When the game “Contrastes” was finished and about to be published by ASA, Elvira Leite and Manuela Malpique sent a copy to Bruno Munari, an Italian designer, artist and educator whom Elvira Leite had met in person at the 1972 World Congress of the International Society for Education Through Art in Zagreb, Yugoslavia. Bruno Munari responded with several comments, expressing his enthusiasm for the game and saying that he would try to reprint it in Italy, which did not happen. Such observations did not influence the edition of the game published by ASA, in 1974, since there was no time to reorganize it from structural changes before its launch, having been integrated into the reissue of the game by Architoys in 2019, now a partnership between Elvira Leite and the architect Marco Ginoulhiac.

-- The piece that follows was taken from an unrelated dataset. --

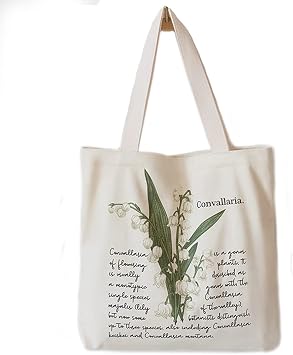 Floral Canvas Tote Bag Botanical Shopping Bag Aesthetic Flower Tote Bag Canvas Grocery Bag for Women Girl Trendy School Tote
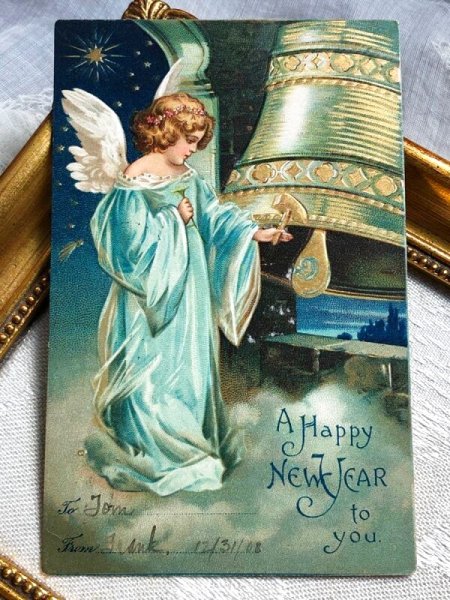 画像2: Postcard   アンティークポストカード 新年祝い Happy New Year 天使とベル Ellen Clapsaddle 1908年 (2)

The use of contrasts to improve expression, visual communication and creativity spread throughout the 20th century as a strategy for shaping the child and the creative subject. Perhaps Johannes Itten’s Theory of Contrasts, used in Voukours, the preliminary course at the Bauhaus, is at the base of this diffusion since we can find its characteristics assimilated in the generality of the training in visual education. Closer to Elvira Leite, we have the thought of Bruno Munari who tells us, in a sentence quoted in the leaflet that accompanies “Contrastes” itself: “An ancient rule of visual communication is that of simultaneous contrasts, whereby the proximity of two forms of opposite nature enhances and intensifies their communication”. In his book “Fantasia” (1977), the use of contrasts and opposites becomes a means of promoting fantasy, the ability to imagine and consequently to create. Moreover, we find there the argument that the search for the opposite is a “natural” and “spontaneous” need to correct imbalances in life, in a perspective that combines design and arts education with a notion of the “good life” [see the text “Games in hands, questions in mind: in the flesh of the impossibility of About what's there” in the CREAT_ED project book].

The notion of contrasts could be conveyed through a reductive binarisation of the world and the way it is perceived. By listing a series of opposites named and represented, the variations between the two opposing poles end up being underrepresented, implying the absence and perceptual exclusion of existing diversity. On the other hand, what lies outside the extremes gives room for the affirmation of a supposedly neutral characteristic. It is the educator’s choice to use and scale the enormous possibilities of shading from one contrast to the other, working with the recognition of the colonial and empirical matrix of all educational materials and apparatuses of the European fabric, of which “Contrastes” are no exception.

The game “Contrastes” with its “visual and tactile images”, as presented in the game’s leaflet, operates within an [[education of the senses]. The authentic materials that make up the game, aimed at tactile exploration, reaffirm the place of sensory experimentation in education as belonging to childhood and to the theory of a [[child development]] itself full of binarities, colonialities and exclusions in the oppositions it produces, such as concrete-abstract, body-mind, sense-thought, simple-complex, child-adult, 'primitive'-civilised.

How can we work with the notion of contrast in arts education without activating binary simplifications and exclusions?

What meaning do we give to the education of the senses in our practices? Do we reproduce coloniality towards the people with whom we work?